Sekitar 600 ribu warga minoritas muslim menyeberang ke Bangladesh menghindari krisis yang semakin meluas sejak akhir Agustus silam. Serangan pemberontak Rohingya telah memicu serangan balik yang bengis dari pasukan keamanan Myanmar terhadap minoritas yang disebut Myanmar imigran Bengali ilegal.
Tillerson, yang belum lama pekan ini mengunjungi tetangga raksasa Myanmar yakni India, mendesak militer Myanmar untuk memfasilitasi bantuan kemanusiaan untuk mereka yang terusir dari tanah airnya.
Dia juga mendesak tentara Myanmar untuk "bekerja sama dengan PBB dalam memastikan investigasi independen yang menyeluruh mengenai semua dugaan pelanggaran hak asasi manusia dan memastikan akuntabilitas".
Senin pekan ini Washington telah mengumumkan akan menerapkan sanksi kepada para perwira militer Myanmar yang terlibat dalam kekerasan Rohingya, selain membatalkan undangan kepada para jenderal senior Myanmar untuk menghadiri berbagai acara di AS, dan melarang mereka berkunjung ke AS.
Langkah ini ditempuh setelah Tillerson menyatakan AS menginginkan pemimpin militer AS bertanggung jawab atas krisis pengungsi Rohingya dan menyebutnya punya pandangan tidak sejalan dengan pemerintahan sipil Aung San Suu Kyi.

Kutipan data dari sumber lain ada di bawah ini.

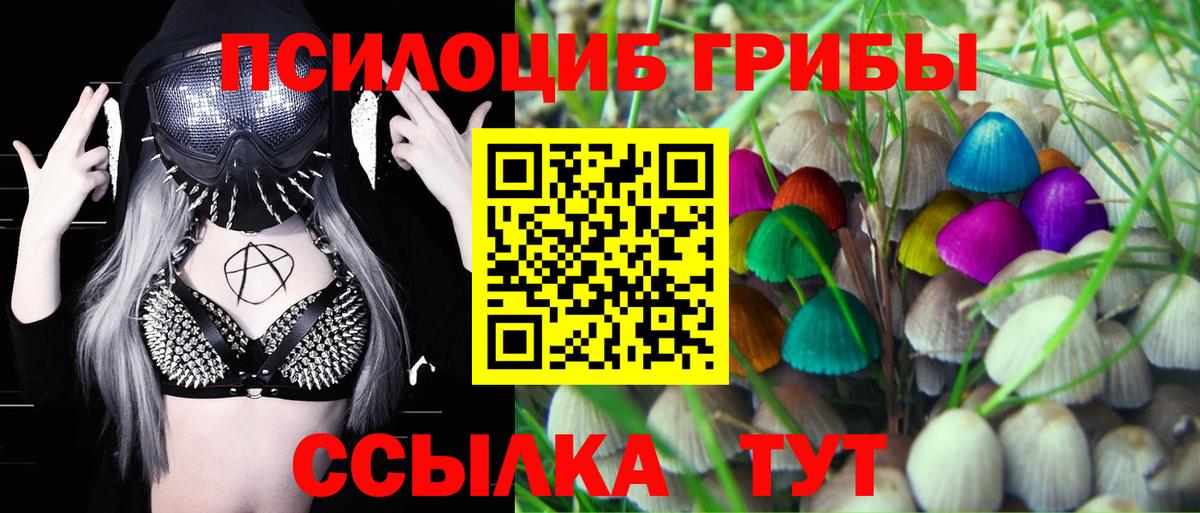 Псилоцибиновые грибы прущие грибы Ливны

Pekan lalu Tillerson telah memperingatkan militer Myanmar bahwa dunia tidak akan tinggal diam dan tak ingin menjadi saksi kekejaman yang terjadi. Dia menyatakan militer Myanmar harus didisiplinkan dan ditekan.
Min Aung Hlaing sendiri terus saja membela militernya dari tuduhan pelaku kekejaman.
"Pernyataan dan tuduhan sepihak terhadap Myanmar dan pasukan keamanan menyangkut serangan teror Bengali ekstremis di bagian barat Negara Bagian Rakhine adalah sama sekali tidak benar," kata dia dalam posting Facebook, Selasa.
Para pembela Rohingnya menyatakan bahwa warga Rohingya secara sistematis telah dirampas hak-hak dasarnya di Myanmar.
Menurut penyidik PBB, pasukan keamanan Myanmar telah menembaki tanpa pandang bulu sasaran termasuk warga sipil tak bersenjata yang di antaranya anak-anak, selain melakukan kekerasan seksual secara luas.